Exercise details: Extract from the entries below, exactly as given, only the lines from the line containing "18K金镶嵌实验室培育钻石1卡竹节设计款12" to the line containing "2nd image of", both lines included.

Information provided:
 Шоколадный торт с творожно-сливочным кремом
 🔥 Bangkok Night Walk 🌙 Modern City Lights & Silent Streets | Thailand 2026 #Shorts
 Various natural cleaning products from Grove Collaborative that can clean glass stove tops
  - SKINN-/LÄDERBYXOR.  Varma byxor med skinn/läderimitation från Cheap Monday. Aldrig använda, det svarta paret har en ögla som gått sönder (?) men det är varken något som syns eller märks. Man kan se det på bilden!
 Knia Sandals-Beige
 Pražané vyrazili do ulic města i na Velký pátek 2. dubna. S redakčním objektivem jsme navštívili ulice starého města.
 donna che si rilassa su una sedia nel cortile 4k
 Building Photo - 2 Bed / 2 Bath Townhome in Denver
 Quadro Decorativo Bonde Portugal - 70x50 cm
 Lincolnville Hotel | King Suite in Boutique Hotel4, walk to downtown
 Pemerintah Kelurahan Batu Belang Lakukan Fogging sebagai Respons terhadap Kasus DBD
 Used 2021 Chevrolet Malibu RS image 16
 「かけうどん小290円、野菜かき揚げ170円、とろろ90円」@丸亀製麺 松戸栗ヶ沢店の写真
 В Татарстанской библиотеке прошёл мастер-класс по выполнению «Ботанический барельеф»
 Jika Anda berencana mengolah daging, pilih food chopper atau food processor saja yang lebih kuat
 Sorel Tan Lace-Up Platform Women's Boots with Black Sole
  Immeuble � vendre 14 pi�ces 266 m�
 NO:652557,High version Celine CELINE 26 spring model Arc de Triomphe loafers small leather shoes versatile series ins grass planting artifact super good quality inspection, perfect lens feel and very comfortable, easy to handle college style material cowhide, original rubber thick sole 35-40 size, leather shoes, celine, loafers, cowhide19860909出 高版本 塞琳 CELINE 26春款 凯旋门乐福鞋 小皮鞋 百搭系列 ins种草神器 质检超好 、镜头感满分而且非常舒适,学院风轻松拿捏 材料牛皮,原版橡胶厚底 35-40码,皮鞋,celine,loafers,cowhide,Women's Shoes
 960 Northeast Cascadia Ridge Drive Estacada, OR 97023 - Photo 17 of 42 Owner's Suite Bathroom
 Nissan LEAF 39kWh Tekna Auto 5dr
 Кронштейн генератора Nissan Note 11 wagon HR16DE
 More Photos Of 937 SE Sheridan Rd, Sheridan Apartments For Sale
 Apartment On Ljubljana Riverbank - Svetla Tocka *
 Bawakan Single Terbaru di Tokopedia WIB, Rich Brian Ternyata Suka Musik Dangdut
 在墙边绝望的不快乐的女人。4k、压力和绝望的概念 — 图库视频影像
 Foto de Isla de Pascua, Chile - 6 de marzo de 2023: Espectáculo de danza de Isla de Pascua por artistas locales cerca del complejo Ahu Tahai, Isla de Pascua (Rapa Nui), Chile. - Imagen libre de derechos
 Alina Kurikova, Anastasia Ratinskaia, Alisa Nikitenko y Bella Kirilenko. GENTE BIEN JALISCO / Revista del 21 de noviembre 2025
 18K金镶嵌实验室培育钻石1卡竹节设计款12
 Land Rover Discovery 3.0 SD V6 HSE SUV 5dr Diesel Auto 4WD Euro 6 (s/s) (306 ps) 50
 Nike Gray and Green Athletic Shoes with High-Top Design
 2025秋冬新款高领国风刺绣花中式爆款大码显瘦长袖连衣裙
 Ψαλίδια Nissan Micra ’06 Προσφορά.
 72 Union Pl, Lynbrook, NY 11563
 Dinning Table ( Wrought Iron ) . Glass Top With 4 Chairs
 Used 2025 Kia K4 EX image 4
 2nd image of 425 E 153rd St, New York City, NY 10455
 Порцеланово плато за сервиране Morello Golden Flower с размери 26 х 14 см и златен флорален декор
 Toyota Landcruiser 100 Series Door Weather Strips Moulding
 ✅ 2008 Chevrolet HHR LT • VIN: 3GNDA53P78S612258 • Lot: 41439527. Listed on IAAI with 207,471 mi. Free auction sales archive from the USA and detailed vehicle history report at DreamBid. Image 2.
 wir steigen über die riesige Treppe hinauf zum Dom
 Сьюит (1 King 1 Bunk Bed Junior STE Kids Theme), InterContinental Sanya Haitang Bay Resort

Problem solution:
 18K金镶嵌实验室培育钻石1卡竹节设计款12
 Land Rover Discovery 3.0 SD V6 HSE SUV 5dr Diesel Auto 4WD Euro 6 (s/s) (306 ps) 50
 Nike Gray and Green Athletic Shoes with High-Top Design
 2025秋冬新款高领国风刺绣花中式爆款大码显瘦长袖连衣裙
 Ψαλίδια Nissan Micra ’06 Προσφορά.
 72 Union Pl, Lynbrook, NY 11563
 Dinning Table ( Wrought Iron ) . Glass Top With 4 Chairs
 Used 2025 Kia K4 EX image 4
 2nd image of 425 E 153rd St, New York City, NY 10455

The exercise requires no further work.